In the diary I wrote yesterday, I said that defending the 50-State Strategy was something worth risking the embarrassment of being wrong. I was wrong.
I freaked out over a comment made by an anonymous source. I trusted the word of others, like Kos and Chris Bowers because I am not a political strategist and I don't understand everything about how such matters work. In such things, I defer to the experts and the sources they say they have.
But I am a reporter. Or at least I was one until a few months ago. Elise is right. I should have known better.
The reason why I'm embarrassed today is that it wasn't just my own credibility that I was gambling with, but this community's credibility as well.
Many of you are dedicated, passionate people who do excellent, well-sourced work that is worthy of the highest praise. Yesterday I cheapened that by freaking out over one of my hot-button issues.
If anyone feels I've hurt the site's credibility with what I wrote, I completely understand why you think that way, and I apologize.
More often than not, I'm on the opposite side from the Chicken Littles. Yesterday I was one.

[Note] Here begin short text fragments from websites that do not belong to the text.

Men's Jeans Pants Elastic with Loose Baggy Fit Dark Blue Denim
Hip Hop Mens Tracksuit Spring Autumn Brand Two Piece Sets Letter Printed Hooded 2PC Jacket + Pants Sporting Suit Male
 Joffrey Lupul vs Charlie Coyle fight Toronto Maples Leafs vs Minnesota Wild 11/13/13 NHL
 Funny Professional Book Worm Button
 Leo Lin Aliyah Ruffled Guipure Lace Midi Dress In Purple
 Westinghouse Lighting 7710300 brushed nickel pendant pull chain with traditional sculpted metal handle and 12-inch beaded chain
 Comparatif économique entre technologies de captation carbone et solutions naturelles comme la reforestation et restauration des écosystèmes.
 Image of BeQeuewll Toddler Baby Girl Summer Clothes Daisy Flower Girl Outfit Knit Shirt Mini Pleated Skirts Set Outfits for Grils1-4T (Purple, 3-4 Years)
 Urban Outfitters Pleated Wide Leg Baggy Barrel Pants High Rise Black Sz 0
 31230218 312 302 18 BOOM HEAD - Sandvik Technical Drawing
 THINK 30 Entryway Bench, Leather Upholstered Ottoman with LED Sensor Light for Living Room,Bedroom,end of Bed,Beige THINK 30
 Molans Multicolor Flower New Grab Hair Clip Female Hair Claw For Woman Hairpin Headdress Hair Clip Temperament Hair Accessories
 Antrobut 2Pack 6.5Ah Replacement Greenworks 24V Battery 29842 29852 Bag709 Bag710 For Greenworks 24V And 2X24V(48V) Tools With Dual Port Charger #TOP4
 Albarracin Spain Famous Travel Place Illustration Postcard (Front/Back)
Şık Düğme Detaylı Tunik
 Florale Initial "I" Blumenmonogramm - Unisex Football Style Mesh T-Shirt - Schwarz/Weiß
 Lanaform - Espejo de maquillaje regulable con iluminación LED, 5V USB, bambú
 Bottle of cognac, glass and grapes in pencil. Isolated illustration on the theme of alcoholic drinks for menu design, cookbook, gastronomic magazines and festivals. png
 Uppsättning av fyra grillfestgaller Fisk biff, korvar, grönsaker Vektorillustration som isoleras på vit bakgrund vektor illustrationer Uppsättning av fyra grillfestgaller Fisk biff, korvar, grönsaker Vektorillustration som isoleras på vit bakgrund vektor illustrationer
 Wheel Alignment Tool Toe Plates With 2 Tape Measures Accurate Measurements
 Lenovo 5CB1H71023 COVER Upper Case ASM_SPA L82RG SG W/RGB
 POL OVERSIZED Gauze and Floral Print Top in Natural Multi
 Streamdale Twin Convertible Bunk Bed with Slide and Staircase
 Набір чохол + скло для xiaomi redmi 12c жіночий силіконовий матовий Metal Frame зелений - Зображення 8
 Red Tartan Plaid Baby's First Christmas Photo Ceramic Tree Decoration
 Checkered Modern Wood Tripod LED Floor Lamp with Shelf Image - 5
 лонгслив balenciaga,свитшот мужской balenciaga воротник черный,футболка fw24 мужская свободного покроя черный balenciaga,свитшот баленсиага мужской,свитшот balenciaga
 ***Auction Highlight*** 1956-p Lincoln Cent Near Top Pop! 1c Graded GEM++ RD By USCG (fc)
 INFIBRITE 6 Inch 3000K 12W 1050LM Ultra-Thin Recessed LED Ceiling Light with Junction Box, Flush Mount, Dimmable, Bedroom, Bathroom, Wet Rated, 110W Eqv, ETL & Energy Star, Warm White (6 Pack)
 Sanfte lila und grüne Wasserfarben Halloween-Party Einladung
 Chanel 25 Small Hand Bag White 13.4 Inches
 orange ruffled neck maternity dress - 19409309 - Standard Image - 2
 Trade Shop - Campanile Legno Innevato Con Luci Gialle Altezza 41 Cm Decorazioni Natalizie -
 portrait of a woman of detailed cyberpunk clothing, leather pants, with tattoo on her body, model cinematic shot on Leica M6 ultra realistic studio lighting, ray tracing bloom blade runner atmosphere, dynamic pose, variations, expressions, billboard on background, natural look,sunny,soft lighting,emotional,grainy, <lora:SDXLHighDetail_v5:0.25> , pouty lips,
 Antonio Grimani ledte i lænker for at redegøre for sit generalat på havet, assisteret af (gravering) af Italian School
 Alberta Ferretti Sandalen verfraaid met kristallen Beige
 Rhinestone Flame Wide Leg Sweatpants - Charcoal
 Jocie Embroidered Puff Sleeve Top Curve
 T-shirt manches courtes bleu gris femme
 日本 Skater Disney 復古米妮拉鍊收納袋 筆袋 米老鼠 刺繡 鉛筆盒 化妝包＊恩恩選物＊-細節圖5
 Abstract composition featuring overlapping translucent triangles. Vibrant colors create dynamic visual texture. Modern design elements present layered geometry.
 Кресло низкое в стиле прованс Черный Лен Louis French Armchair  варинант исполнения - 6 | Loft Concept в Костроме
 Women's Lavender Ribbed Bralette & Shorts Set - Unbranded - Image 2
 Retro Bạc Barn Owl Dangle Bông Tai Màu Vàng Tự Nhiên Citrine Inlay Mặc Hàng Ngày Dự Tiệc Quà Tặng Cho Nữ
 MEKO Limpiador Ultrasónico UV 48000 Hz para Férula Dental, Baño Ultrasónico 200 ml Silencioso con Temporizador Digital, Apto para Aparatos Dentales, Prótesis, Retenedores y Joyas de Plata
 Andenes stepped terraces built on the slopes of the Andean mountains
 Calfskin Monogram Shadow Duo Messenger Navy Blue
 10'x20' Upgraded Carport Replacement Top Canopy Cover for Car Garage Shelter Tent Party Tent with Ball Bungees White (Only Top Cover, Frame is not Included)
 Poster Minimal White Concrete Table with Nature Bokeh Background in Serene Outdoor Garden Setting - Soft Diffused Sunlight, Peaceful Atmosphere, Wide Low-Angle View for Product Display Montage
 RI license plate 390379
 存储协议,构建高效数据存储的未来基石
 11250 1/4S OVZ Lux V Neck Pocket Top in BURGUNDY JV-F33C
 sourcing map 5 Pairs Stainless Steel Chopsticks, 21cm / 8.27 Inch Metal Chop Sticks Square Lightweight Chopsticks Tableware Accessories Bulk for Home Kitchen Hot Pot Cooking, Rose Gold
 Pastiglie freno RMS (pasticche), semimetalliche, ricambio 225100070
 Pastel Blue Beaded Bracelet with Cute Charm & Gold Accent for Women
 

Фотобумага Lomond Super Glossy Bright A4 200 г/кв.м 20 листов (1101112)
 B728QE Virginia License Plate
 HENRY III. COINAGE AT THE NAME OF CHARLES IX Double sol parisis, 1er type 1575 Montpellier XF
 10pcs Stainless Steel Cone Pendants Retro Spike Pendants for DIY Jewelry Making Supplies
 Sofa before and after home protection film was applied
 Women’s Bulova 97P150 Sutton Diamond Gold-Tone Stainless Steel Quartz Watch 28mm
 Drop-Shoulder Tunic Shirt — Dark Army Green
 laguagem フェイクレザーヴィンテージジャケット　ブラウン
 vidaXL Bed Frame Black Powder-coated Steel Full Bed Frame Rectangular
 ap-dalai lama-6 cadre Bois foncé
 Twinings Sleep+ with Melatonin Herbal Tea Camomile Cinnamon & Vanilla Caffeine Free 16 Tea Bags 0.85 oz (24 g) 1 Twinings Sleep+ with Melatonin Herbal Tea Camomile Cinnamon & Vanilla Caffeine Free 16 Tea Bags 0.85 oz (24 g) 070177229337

Speaking more broadly, ever since I was outed and returned to the site, I've taken to shying away from diaries that "matter." I do this out of fear. Yes, I will admit that. I have a family, and I don't want to put them at risk again. As a result, I haven't written about anything breaking or controversial. Instead, I strive to entertain.
I haven't been a practicing reporter for months, and I haven't been a blogger who writes about anything worthwhile in about the same timeframe. I think now I'll leave the blogging to the serious bloggers, and the reporting to the real reporters.
I'm not leaving or anything, I'll just stay away from the hot button issues.I will stick to what I'm good at -- dick and fart jokes.